Escuchaba en la mañana del sábado en su programa de Onda Cero a Isabel Gemio defender candorosamente un cambio en la Ley Electoral, para que gobernase siempre la fuerza más votada. Amén de que Isabel daba por hecho que la mayor parte de la sociedad española está de acuerdo con eso, lo que no se sustenta, que yo sepa, en evidencia alguna, su comentario me llenó de tristeza porque, a mi entender, trasciende una suerte de ignorancia política de lo que es la democracia y de los fundamentos de la representación popular, al tiempo que detrás de esa expresión determinista asoman las orejillas de un cierto atavismo anhelante de paces sociales producto del ordeno y mando.
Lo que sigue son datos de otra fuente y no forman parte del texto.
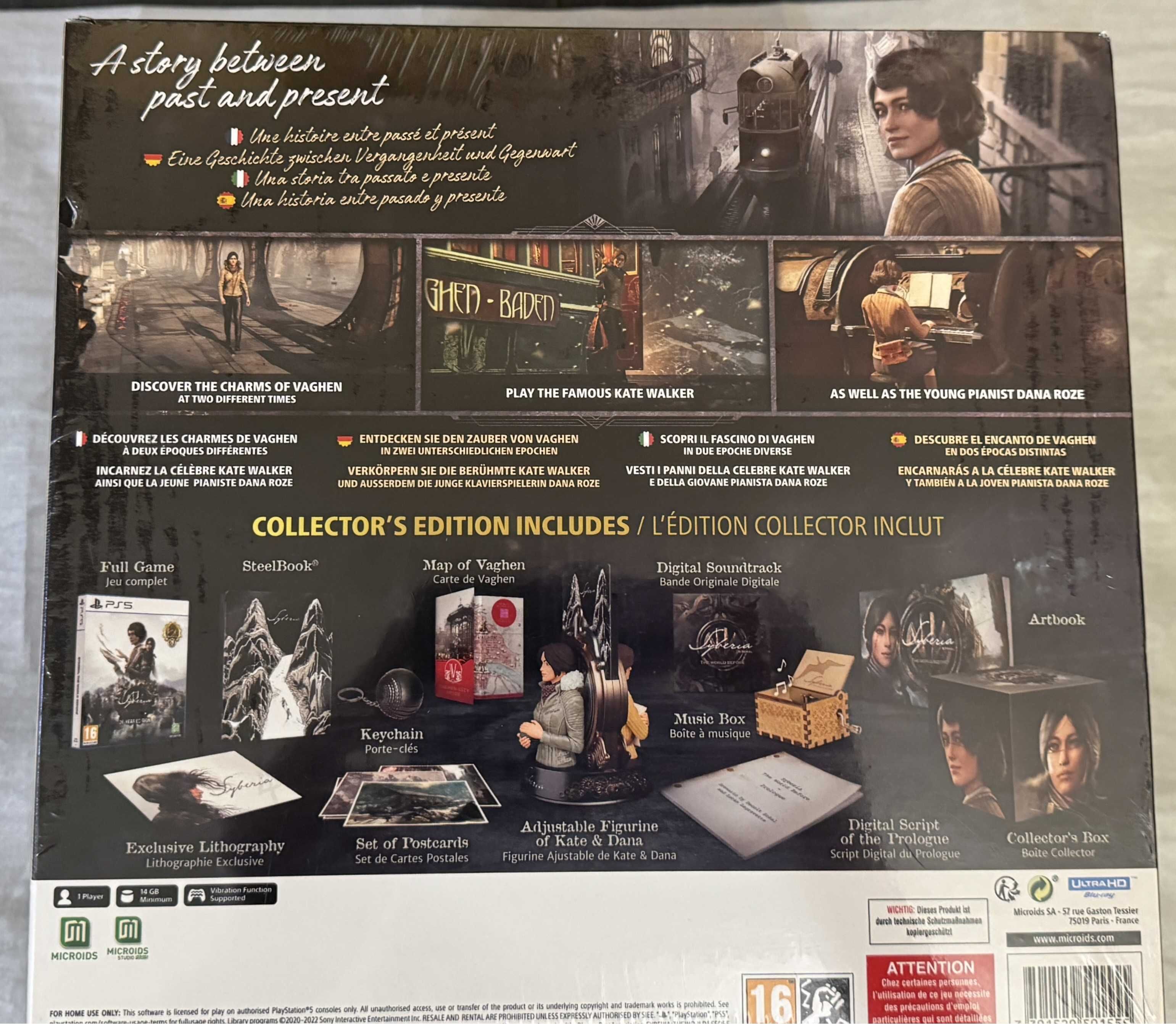 чисто нова Syberia The World Before Collectors Edition за PS5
Espero que no me malinterprete doña Isabel, por lo que paso a explicarme. El problema, a mi juicio, proviene de una interesada y torticera intepretación del sentido de la representación popular y de la legitimidad de las cámaras, interpetación que realizan constantemente los aparatos de los gandes partidos, convertidos en maquinarias de obtener votos y que constantemente secuestran la representación popular delegada en concejales y diputados para apropiársela, inconstitucional y deslealmente, desorientando además al pueblo al que llegan a confundir hasta el punto de tragarse una mentira millones de veces repetida.
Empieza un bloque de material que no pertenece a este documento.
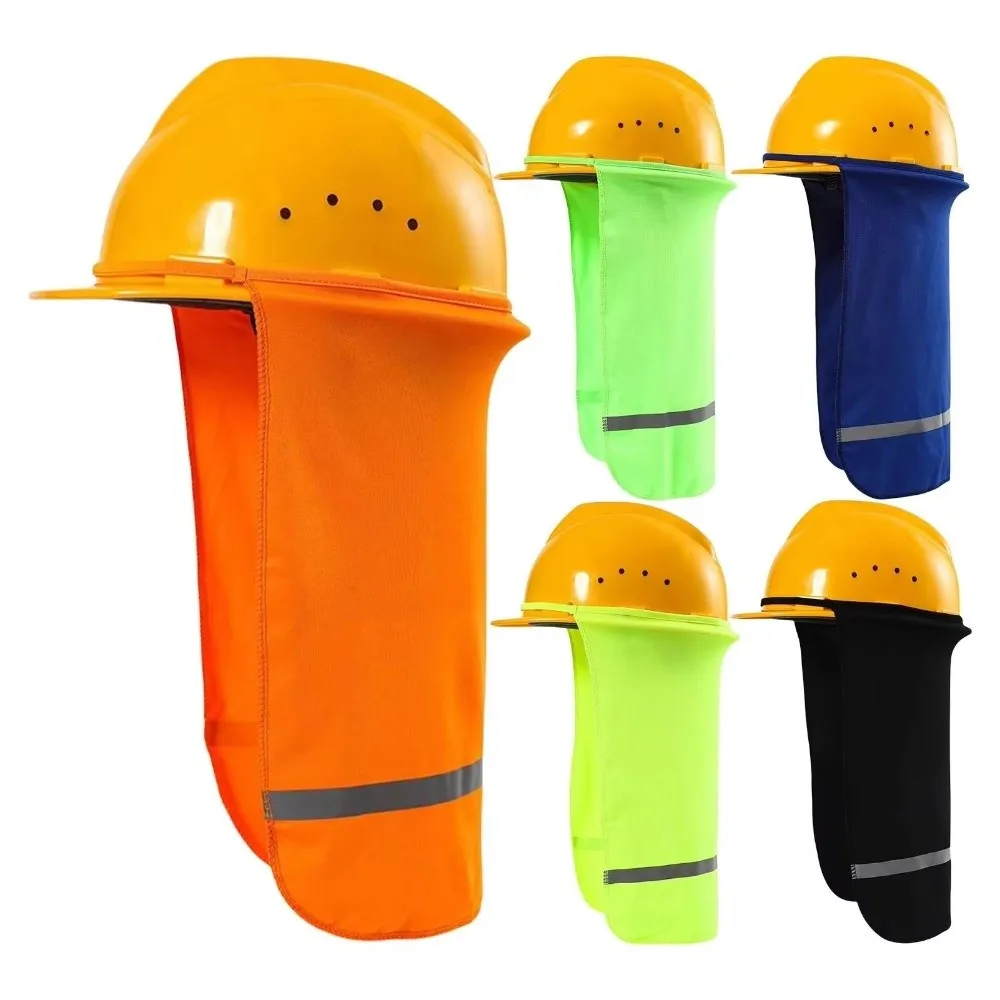 With Reflective Stripe Safety Hat Cap Visor Sun-proof Summer Sunshade Hard Hat Sun Shade Neck Shield Hard Hat Visor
Ejemplo palmario de ello es que no existen en nuestro ordenamiento legal ni candidatos a la Presidencia del Gobierno, ni candidatos a la Alcaldía del Ayuntamiento. Existen candidatos a las cámaras. Es decir, a tal o cual Parlamento, a tal o cuál Corporación municipal. De entre ellos, han de elegir con posterioridad a quien encargan formar Gobierno, que, incluso, previendo casos excepcionales, puede no ser un miembro de ese Parlamento. Y eso es así porque la Constitución, en la misma línea de cualquier otra democracia, respeta el principio de que el pueblo elige a sus representantes, y por eso las actas de diputado o concejal, sus sillas o escaños, son de cada uno de los electos y no de los partidos, que no son receptores legítimos de la representación popular.
Así es que en las cámaras o plenos se forman mayorías en torno a un programa de gobierno, mayorías que son la suma de la mitad más uno de los concejales o diputados, sean cuales sean las siglas con las que se hayan presentado. Sean independientes o medio pensionistas, en cámaras y parlamentos rige el principio de un miembro, un voto. NO de un partido, tantos votos.
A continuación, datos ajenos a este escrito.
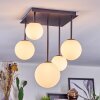 Chehalis ceiling light, globe light white, 5-light sources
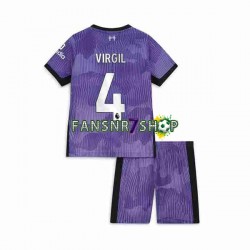 Liverpool fußball trikot Virgil van Dijk 4 Kinder Ausweich 2023-2024 Kurzarm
Así que, cuando los concejales o diputados dejan un partido, porque quizá, por ejemplo, está yendo contra los intereses de quienes han elegido a ese repúblico en concreto, no es cierto que pierda la legitimidad, porque sólo los electores se la quitarán en la siguiente convocatoria electoral.
Por eso no les interesa a los partidos políticos cambiar la Ley electoral, en el sentido que realmente demanda la población, en el de formar listas abiertas, al menos cerradas pero no bloquedas, en las que los ciudadanos puedan tachar a quien, así de claro, ahora se les impone aunque ellos no lo quieran. A los chorizos, a los inmorales o a los que les caen gordos.
En fin, querido lector. Voy a sacudirme el ramalazo de tristeza que me da la ignorancia provocada de una parte de mis conciudadanos --súbditos, dice mi buen amigo Miguel Arango, puesto que España es un Reino-- y deleitarme con un suceso refrescante. Sí, como lo van a leer. Ayer, un contertulio de una de las de Intereconomía defendió a los muchachos de las concentraciones de las plazas españolas y denostó la violenta carga policial en Barcelona. ¡Madre! Casi lu comen vivu al probe. Pero pienso que, al menos, el 15M ya consiguió algo. Iluminar, como a Saulo, a uno de los tertulianos de su pantalla enemiga.
Feliz fin de semana y mi recuerdo a dos buenos amigos que luchan por reponerse. Marcelo, Luis: se os quiere.